John Witvliet: Racism is surely a central challenge. It is inspiring to see and to follow women and men of color who are leading initiatives driven by an all-nations-and-cultures vision of the coming kingdom, and to notice pockets of renewed resolve and chastened leadership in some contexts not yet known for their vision of diversity and inclusion.
In worship, it is remarkably heartening to see young pastors, musicians, and artists apprenticing themselves to the psalms and to the basics of patristic trinitarian sacramental theology, and then shaping faithful, indigenous public worship practices in a host of local cultural contexts.
Michelle Ami Reyes: One major challenge today is the rampant polarization of the church. The church has taken its cues from the broader political discussions and adopted a polarizing attitude, such that if you disagree with me, you’re either heretical or a bigot. We are hypercritical of folks who think and vote differently from us and are often willing to label them as non-Christian. Historically, the Black and Brown church has modeled humility to partner with others and to not write off those who are different for the sake of shared goals. We saw this in the civil rights movement, among other milestones in US history. Right now, we’re seeing some Christians and Christian leaders modeling, teaching, and encouraging the church how to avoid this polarization, such as Esau McCauley, Thabiti Anyabwile, Robert Chao Romero, Tish Warren, Rondell Trevino, Justin Giboney, and others.
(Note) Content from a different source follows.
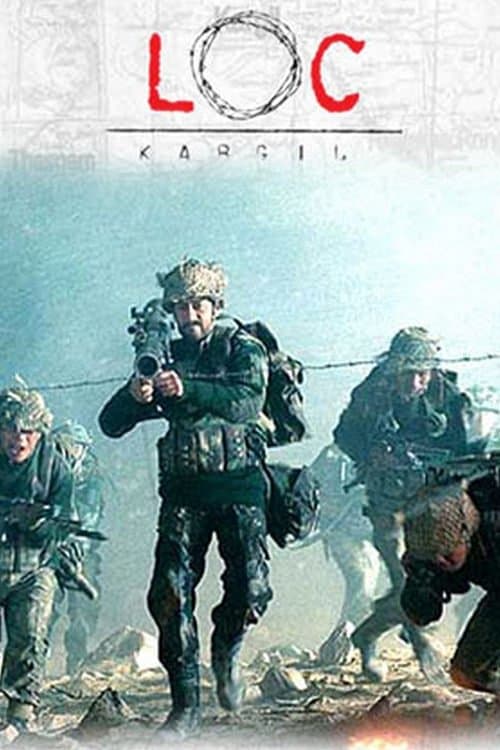 LOC: Kargil full movie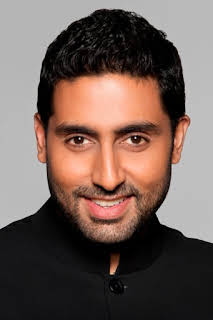 Abhishek Bachchan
Antipas Harris: A major challenge confronting the church is a generation that claims to be spiritual but is either uninterested in Christianity or unwilling to join a local church. According to Pew, the combination of millennials and Gen Z are more spiritual than previous generations. Previous religiously oriented generations subscribed to religious guidelines and dogma about God and godly living. This generation tends to understand God within a framework of invisible institutions. Visible institutions are churches, synagogues, and mosques. Invisible institutions are more relational than physical. They include neighborhoods, sports, music, dance, etc. Consequently, this generation does not draw lines between secular and sacred like previous generations. God is involved in all of life and affirms all of human existence. The challenge for the church is to adjust to bearing witness in a social framework that is not consistent with its rather anachronistic approaches and understandings of God and God-related things.
What are exciting ways in which the church of today is innovating for the sake of the gospel in the 2020s?
Michelle Ami Reyes: We can contextualize best to our context. We are seeing more Christians of color going back to their neighborhoods and communities, rising up as local leaders, and caring for their communities in ways that a non-local couldn’t. This is the story of Hope Community Church, the minority-led multicultural congregation that my husband, Aaron, and I planted in Austin in 2014. Aaron grew up in the area and lived in government housing with his single mom, and he felt God’s calling to plant a church there. Since 2014, we have been growing organically, not attractionally, and we’re growing primarily through relational, not financial, capital. Trust and street credibility mean more in our community than $100,000 in the bank. Local pastors of color understand this. This is also the origin of The Crete Collective (TCC), a church-planting network that exists to establish gospel-driven churches in distressed and neglected Black and Brown communities. TCC helps pastors go back to the neighborhoods they grew up in—the ones they know best—instead of waiting and expecting other denominations and networks to make inroads. I hope to see more Christians of color planting churches in their hometowns, making inroads into their own communities, and in particular rethinking how to do ministry within the urban Black and Brown context.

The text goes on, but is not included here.